SANDUSKY For a luxury spa experience, North Coast residents need not travel to Paris -- but they sho
Annie Zelm
May 24, 2010



For a luxury spa experience, North Coast residents need not travel to Paris -- but they should look for the Eiffel Tower.

French Nails & Spa Owner Brandie Pham Cain seeks to provide her customers with manicures, pedicures and facials that have the quality of a high-end salon without the high-end price tag.

After working in metropolitan areas across the coast, Pham Cain settled here, at the spa with the iconic tower as its logo along U.S. 250.

"I've moved all over the United States, but this is my favorite spot because it's the best place for raising children," the Huron resident said.

As she buffs a client's fingernails and pushes back the cuticles, Pham Cain, 36, said her loyal customers are what have kept her in the business for 17 years.

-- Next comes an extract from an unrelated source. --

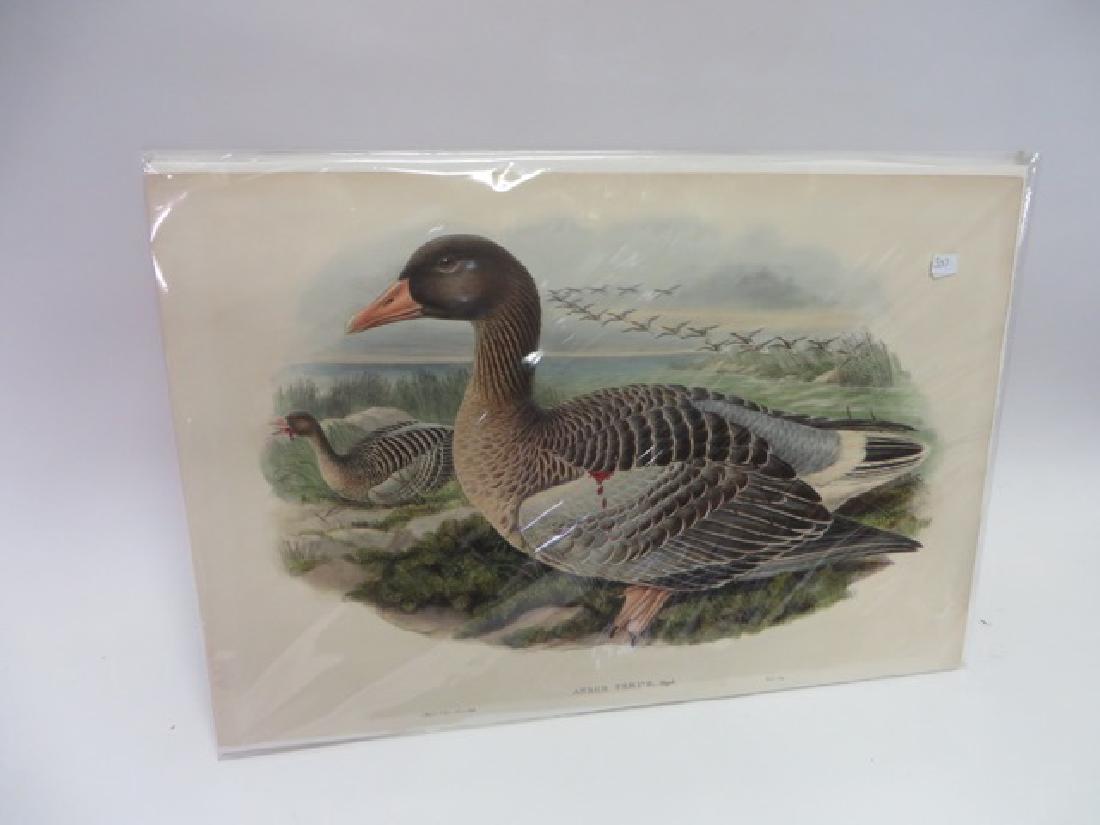 Wolf & Hart Lithograph: Grey Lag Goose (1 of 2)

A native of Vietnam, she fled to the United States with her family at the age of 7 to escape Communist soldiers in 1980.

"In Vietnam, they would let you survive, but not live," she said. "My mom knew we wouldn't have an education if we stayed."

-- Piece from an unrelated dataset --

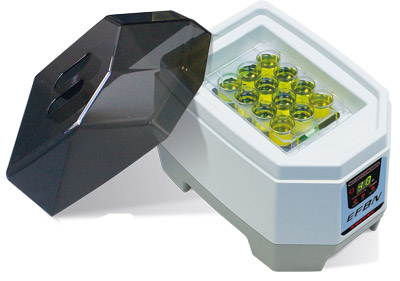 TAITEC泰特克   恒温室   EFBN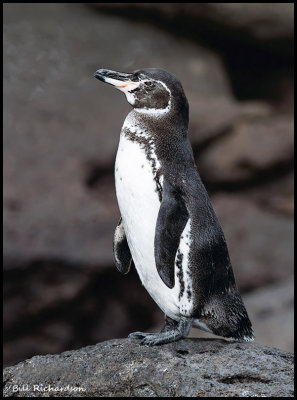 penguin.jpg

Before moving to Sacramento, Calif., she and her parents and five siblings spent three years in a refugee camp -- an experience she said she did not fully grasp until years later.

As a child, she said, it simply meant there was always someone to play with and something to do, but every activity was monitored.

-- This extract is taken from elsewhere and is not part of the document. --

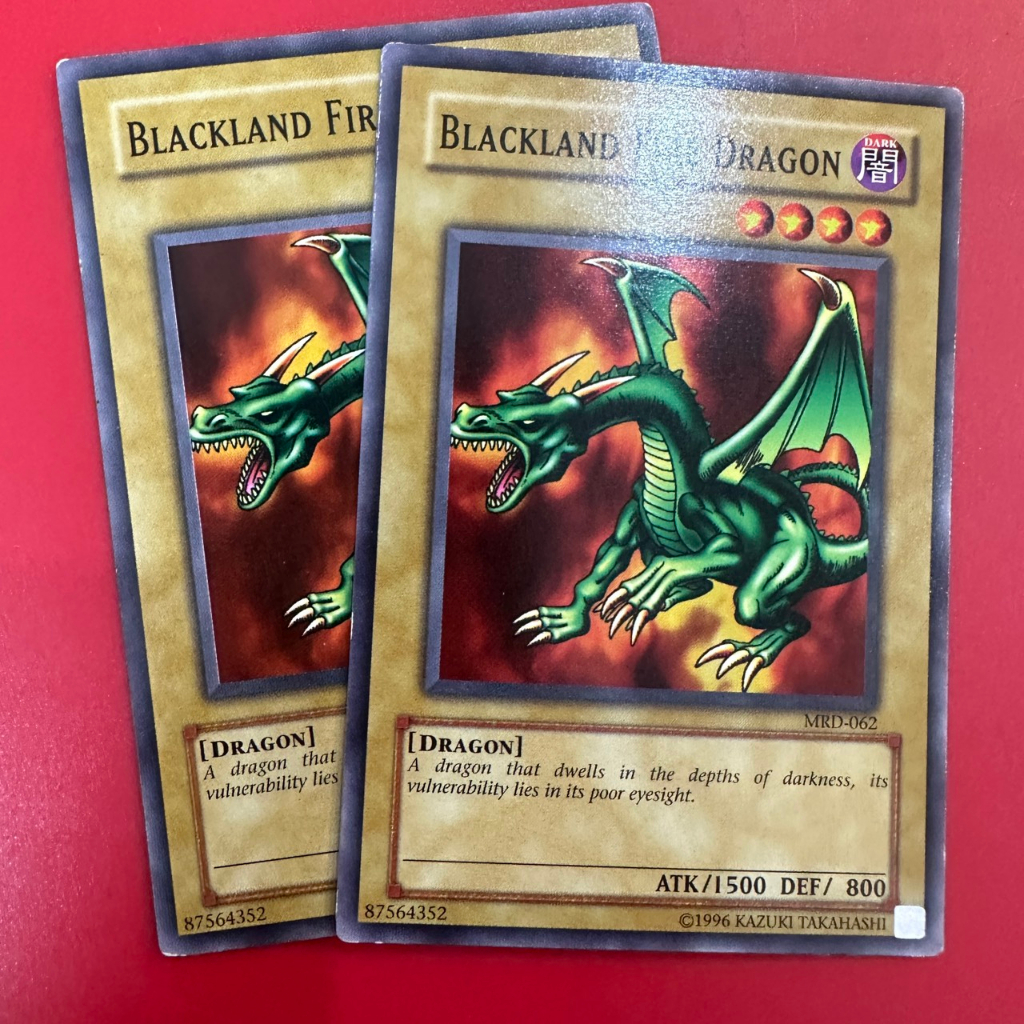 Blackland Fire Dragon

Each person was issued two outfits to wear during their stay, and waiting for food was part of the daily routine. There were also occasional bombings adding to the fear and uncertainty.

In California, Pham Cain began working at a salon while in high school and became a licensed manicurist at 18. She went on to college to pursue a degree in accounting at California State University but decided she preferred working with people to crunching numbers.

Walking in open-toed heels that showcase fluorescent pink toenails, Pham Cain points out a section of the salon she is converting to a facial room.

Her husband, Shawn Cain, is a full-time student earning a degree in manufacturing engineering, so she works 10 hours a day, six days a week to make ends meet.

With two sons who are 13 and 4, she's up by 5:30 a.m. every day. After simultaneously cooking breakfast and dinner and driving the boys to school, she manages to squeeze in a few loads of laundry before arriving at the salon at 10 a.m.

Most nights, she doesn't make it home until after 8 p.m., giving her a few short hours to spend with her family before they head off to bed.

"Things are very tight right now," she said. "Family time is very important to me, and my husband is great -- he works around their schedule."

At the salon, she emphasizes the use of natural products and formulas which are free of methyl methacrylate, or MMA -- a cheap adhesive that can be destructive to nail enamel and hazardous to one's health. There are no hidden costs for services, such as trimming extra-long nails -- just one upfront price, she said.

In addition to the traditional acrylic nail sets, she offers silk, solar and airbrushed nails and provides a full array of spa services, including paraffin wax dips or sea salt scrubs. She welcomes walk-ins or appointments and willingly accepts groups, from bridal parties to birthdays.

"I like my customers to relax," she said. "I want to do something affordable that's a high-end experience."